Was einst als Reaktion auf massive rechtliche Bedrohungen durch die damalige Bundesanstalt für Arbeit begann, wuchs zum bedeutendsten Wirtschaftsverband der Live-Entertainment-Branche heran. Die Behörde warf Künstlervermittlern und -managern damals unerlaubte Arbeitsvermittlung vor und untersagte ihnen die Berufsausübung. Erst nach fünf Jahren und zahlreichen, von mir initiierten Prozessen entschied die Justiz: Künstlervermittlung ist keine illegale Arbeitsvermittlung, sondern eine zulässige Vermittlung in selbständige Dienst- oder Werkverträge. Das Urteil war ein Meilenstein – nicht die Künstlervermittler handelten rechtswidrig, sondern die Arbeitsbehörde.
Nach dem erfolgreichen Einsatz des idkv für die Interessen der Künstlervermittler rückten ab 1990 auch die Konzert- und Tourneeveranstalter in den Mittelpunkt der Verbandsarbeit. Der Verband der Künstlervermittler entwickelte sich so zu einem Verband für beide Berufssparten, während der Kurzname idkv zunächst erhalten blieb. Um diese Ausweitung noch klarer zu unterstreichen, wurde der idkv 2010 in bdv – Bundesverband der Veranstaltungswirtschaft umbenannt. Mit der späteren Fusion mit dem VDKD entstand daraus schließlich der heutige BDKV.
1995 veröffentlichte der Verband erstmals auf Grundlage von Daten der Gesellschaft für Konsumforschung (GfK) statistisches Zahlenmaterial zur Veranstaltungswirtschaft. Dieser Schritt trug entscheidend dazu bei, die Branche sichtbar zu machen, und markierte zugleich den Beginn der Öffentlichkeitsarbeit des Verbands. In den folgenden Jahren wurden die Erhebungen regelmäßig fortgeführt.

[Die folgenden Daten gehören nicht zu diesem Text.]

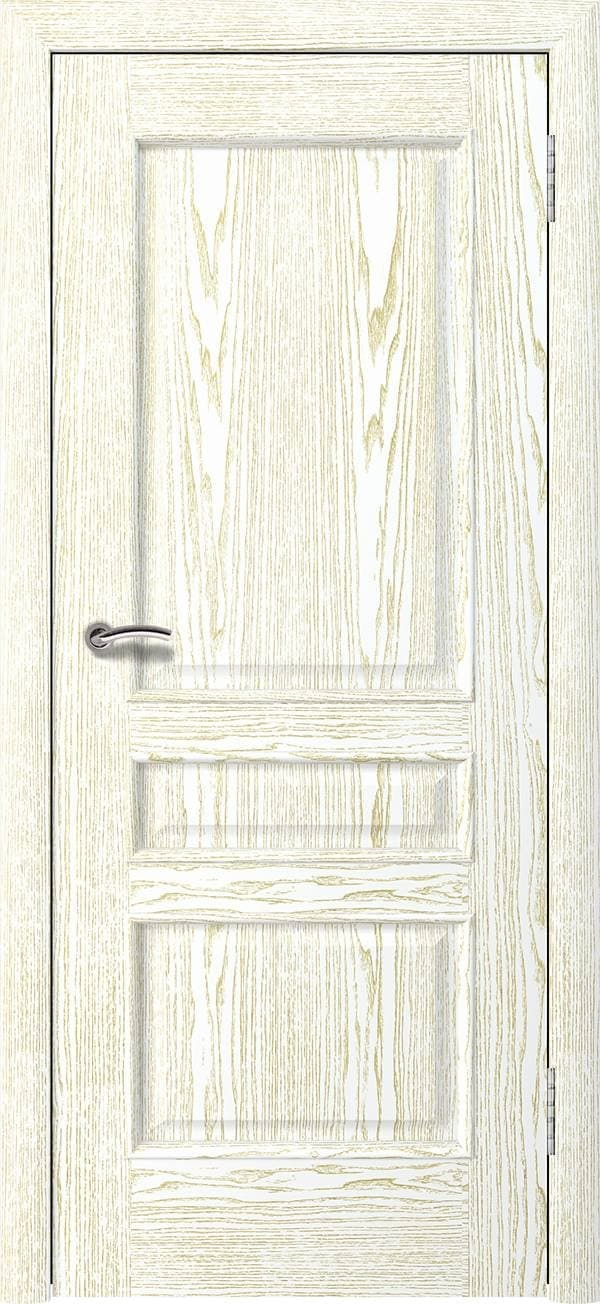 Ellada Porte Межкомнатная дверь Ирида ДГ, арт. 20993 - фото №8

Ein historischer Moment der Verbandsarbeit war in den 1990er Jahren die Initiative zur Schaffung des heute etablierten Ausbildungsberufs Veranstaltungskaufmann/-frau. Ziel war es, Nachwuchskräften eine fundierte Ausbildung in kaufmännischen Grundlagen und den gesetzlichen Rahmenbedingungen der Branche zu bieten – weg vom reinen „Learning by Doing“. Als vom Bund ernannter Sachverständiger habe ich zwei Jahre lang an der Entwicklung des Ausbildungsrahmenplans, der Prüfungsordnung und der Ausbildungsinhalte mitgewirkt. Die Erfolgsbilanz ist beeindruckend: Seit 2001 haben fast 30.000 junge Menschen diese Ausbildung abgeschlossen und tragen damit die professionelle Basis der Veranstaltungswirtschaft in die Zukunft.
Parallel dazu knüpfte der Verband gezielt politische Kontakte – vor allem auf Bundesebene. So entstand ein breites Netzwerk bis in die politischen Spitzen, das es ermöglichte, Gesetzesinitiativen und Verordnungen mit Branchenbezug frühzeitig zu beeinflussen und praxisnahe Rahmenbedingungen aktiv mitzugestalten.
Dazu zählten etwa die Neuregelung der beschränkten Steuerpflicht, Anpassungen umsatzsteuerlicher Vorschriften, Reformen des Künstlersozialversicherungsgesetzes sowie die Verhandlung von Gesamtverträgen mit der GEMA. Zugleich gelang es, die Veranstaltungswirtschaft dauerhaft in Politik und Medien als eigenständigen und relevanten Wirtschaftszweig zu verankern.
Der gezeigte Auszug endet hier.